T2108 Update (November 2, 2012) – Churn and Burn

(T2108 measures the percentage of stocks trading above their respective 40-day moving averages [DMAs]. It helps to identify extremes in market sentiment that are highly likely to reverse. To learn more about it, see my T2108 Resource Page. You can follow real-time T2108 commentary on twitter using the #T2108 hashtag. T2108-related trades and other trades are posted on twitter using the #120trade hashtag)

T2108 Status: 41.1%
VIX Status: 17.6
General (Short-term) Trading Call: Hold

Reference Charts (click for view of last 6 months from Stockcharts.com):

S&P 500 or SPY
SDS (ProShares UltraShort S&P500)
U.S. Dollar Index (volatility index)
VIX (volatility index)
VXX (iPath S&P 500 VIX Short-Term Futures ETN)
EWG (iShares MSCI Germany Index Fund)
CAT (Caterpillar)

Commentary
The market was closed for the first two days of this week due to the damage and chaos of Hurricane Sandy. The market opened to what I am calling churn and burn. On Wednesday, the market ended flat after first opening up, selling off to a small loss, and then bouncing back to end flat. This turned out to be a microcosm of the next two days which featured a huge rally on Thursday followed by a huge sell-off on Friday.
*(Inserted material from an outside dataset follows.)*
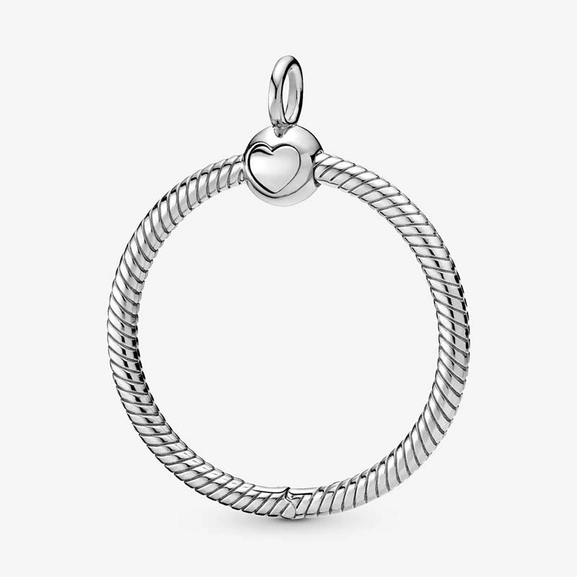 Pandora Moments Medium O Pendant - PANDORA - Suuri valikoima & ilmainen lahjapaketointi - Nordicspectra.fi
Neither move made much sense, so it is just as well the S&P 500 ended the week with no progress. I think this week will be a microcosm for the year.

The larger technical context to trading this week was support from the May, 2012 closing high and overhead resistance from the S&P 500’s QE3 price and the 50DMA. The triple-top that printed across September and October still loom large overhead.


The S&P 500 just churned and burned between support and resistance this week
The S&P 500 just churned and burned between support and resistance this week

T2108 ended the week three percentage points higher than last week. I had thought this would be the week T2108 hits oversold territory for the first time in five months. Now, it seems unlikely to do so for the foreseeable future.

On either side of the S&P 500 are two important developments: sinking tech stocks and resilient financial stocks. The NASDAQ (QQQ) continues to teeter on critical 200DMA support. Friday printed a bearish engulfing pattern that seems certain to weigh the index through a major breakdown. On the other hand, the SPDRs Select Sector Financial ETF (XLF) remains comfortably above BOTH its uptrending 50 and 200DMAs.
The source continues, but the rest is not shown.